● DATA IN THIS EXERCISE:
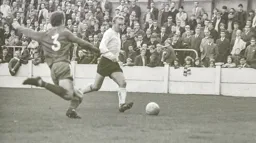 John Collins gets to the ball first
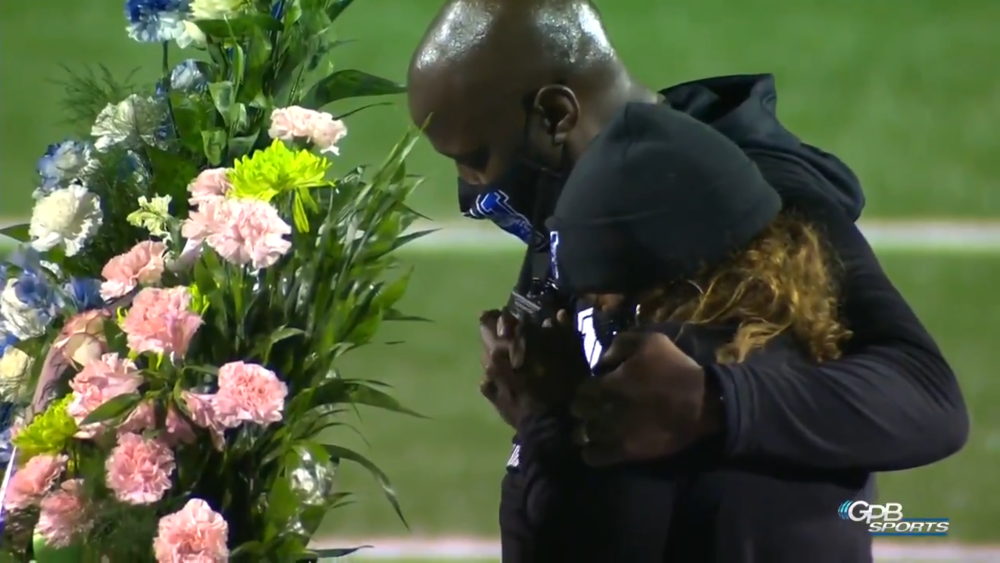 A wreath is placed on field to honor late principal Jamar RobinsonA 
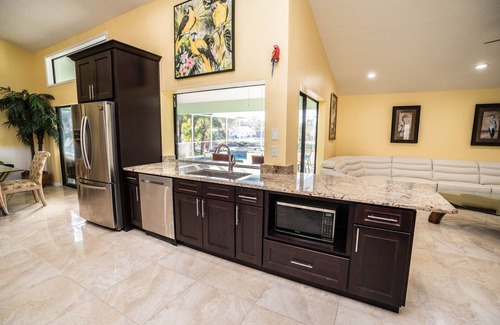 Apollo Beach House | Palm Tree III Pool Home Waterfront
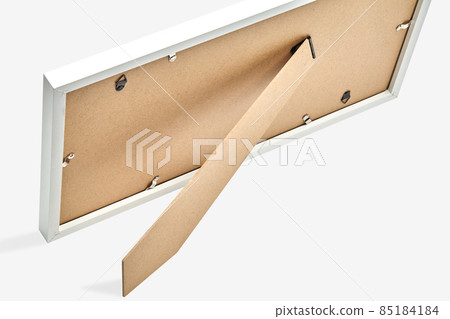 Back side of photo frame isolated on white background. Cardboard, plastic. Close up, copy space for your text or images Back side of photo frame isolated on white background. Cardboard, plastic. Close up, copy space for your text or images 85184184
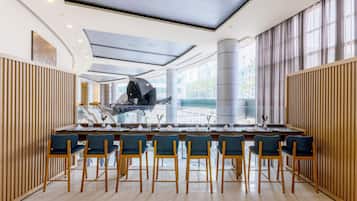 A modern dining area with a long table, multiple chairs, and a view of the city through large windows.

● TASK DETAILS: Could you transcribe exactly the entries above, but only the lines from the one with "A wreath is" through the one with "Apollo Beach House", and without pictures?

● RESPONSE:
 A wreath is placed on field to honor late principal Jamar RobinsonA 
 Apollo Beach House | Palm Tree III Pool Home Waterfront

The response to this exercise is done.